Quitte à citer encore, il n’est pas malvenu de diversifier les citations. Or, Saint Augustin était déjà sollicité dans la copie présentée aux premiers entretiens du Jeu de Paume, le 18 juin 2010, où un parterre de sondeurs était convié à réfléchir entre soi à la démocratie d’opinion. La copie publiée dans Le Monde n’en est qu’une réédition, une double copie en somme. On ne peut exactement accuser de plagiat celui qui sert deux fois la même copie. On se souvient du personnage du roman de David Lodge Un tout petit monde (2), le professeur Morris Zapp, qui parcourait les colloques de la planète avec une seule communication. Ici, la duplication met cependant en évidence une erreur grossière. Comment Brice Teinturier peut-il soutenir que les critiques, « atténuées depuis vingt-cinq ans », se sont réveillées il y a un mois seulement à l’occasion des primaires socialistes ? Déjà oubliée la polémique sur le sondage Harris Interactive de mars 2011, déjà oublié le lobbying des sondeurs pour faire avorter une réforme adoptée par le Sénat en octobre 2010, oubliée aussi l’affaire des sondages de l’Elysée en juillet 2009 ?

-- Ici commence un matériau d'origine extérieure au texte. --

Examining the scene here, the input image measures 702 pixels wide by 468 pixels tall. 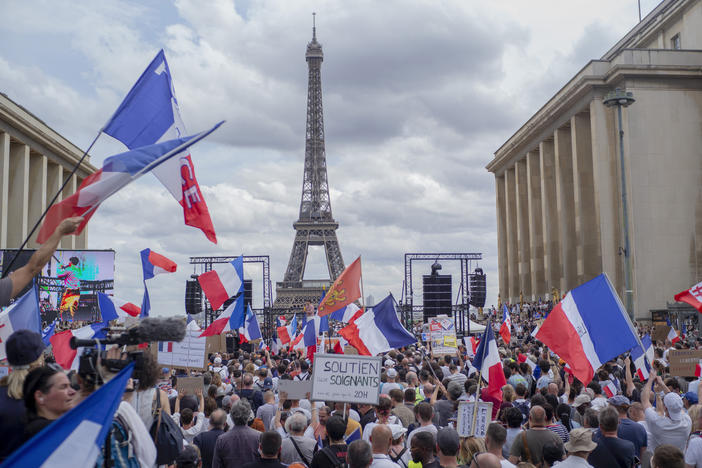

A moins que l’amnésie ne soit utile. On a bien compris que M. Teinturier défendait son fonds de commerce. Est-il besoin pour cela de s’aventurer sur le terrain inconnu pour lui de la connaissance historienne et sociologique de la démocratie ? Le commerce est sans doute une activité honorable, à condition que les commerçants ne prétendent pas sauver la démocratie contre d’obscurs et mystérieux ennemis.
La copie de Brice Teinturier est donc à la fois mauvaise et frauduleuse. Si elle était une copie d’examen, il faudrait se demander si l’auteur ne doit pas être traduit devant la commission de discipline. Etant publiée dans la presse, elle est un très mauvais exemple par temps de plagiat, de coupé-collé et d’imposture.